Data extract =
* * * * *

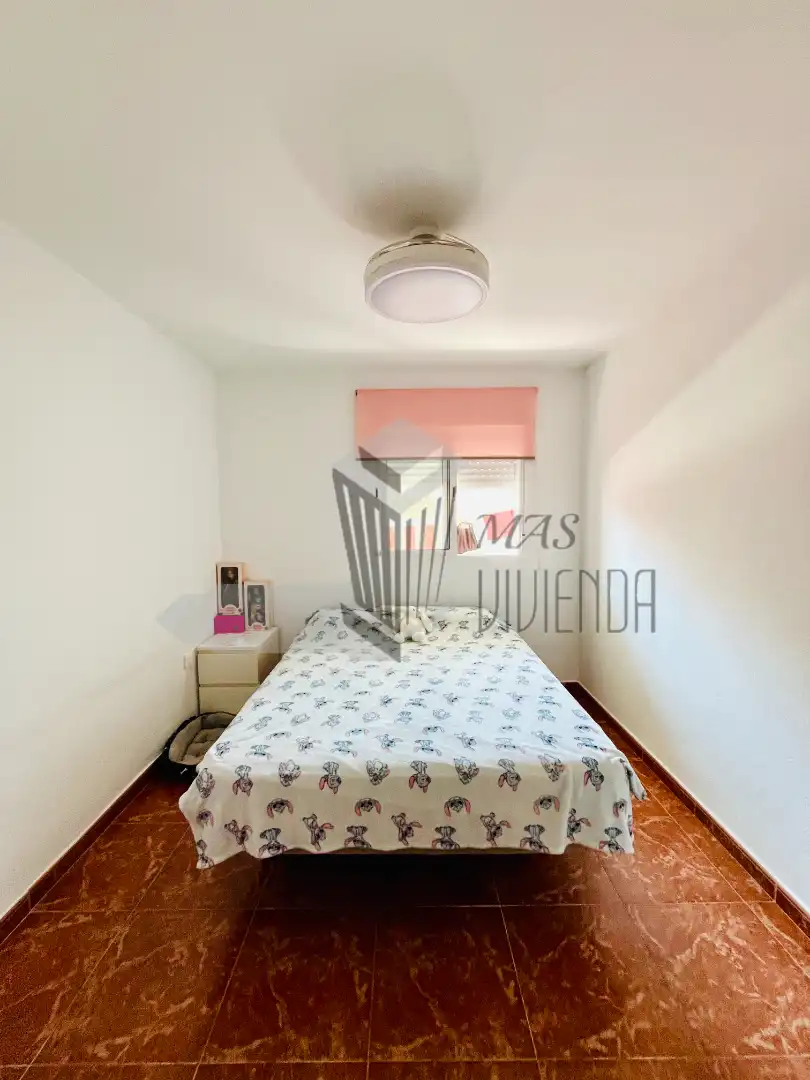 Habitación de Piso en venta en La Línea de la Concepción con Amueblado y Piscina comunitaria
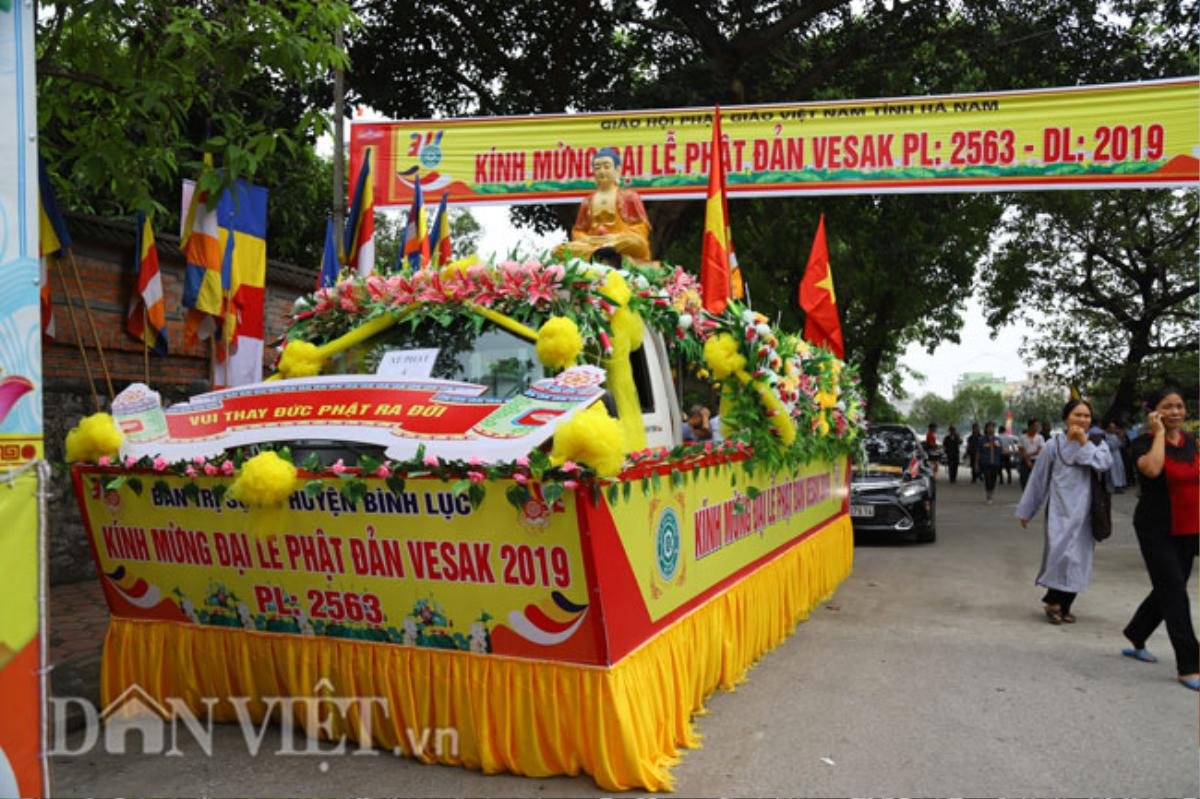 Ảnh: Hơn 400 xe hoa rước tượng Phật chào đón đại lễ Vesak 2019 Ảnh 1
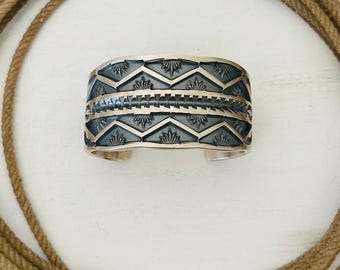 Brazalete de plata de ley hecho por Navajo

* * * * *

Work order = From the data above, write out everything exactly except the pictures.

Solved problem =
 Habitación de Piso en venta en La Línea de la Concepción con Amueblado y Piscina comunitaria
 Ảnh: Hơn 400 xe hoa rước tượng Phật chào đón đại lễ Vesak 2019 Ảnh 1
 Brazalete de plata de ley hecho por Navajo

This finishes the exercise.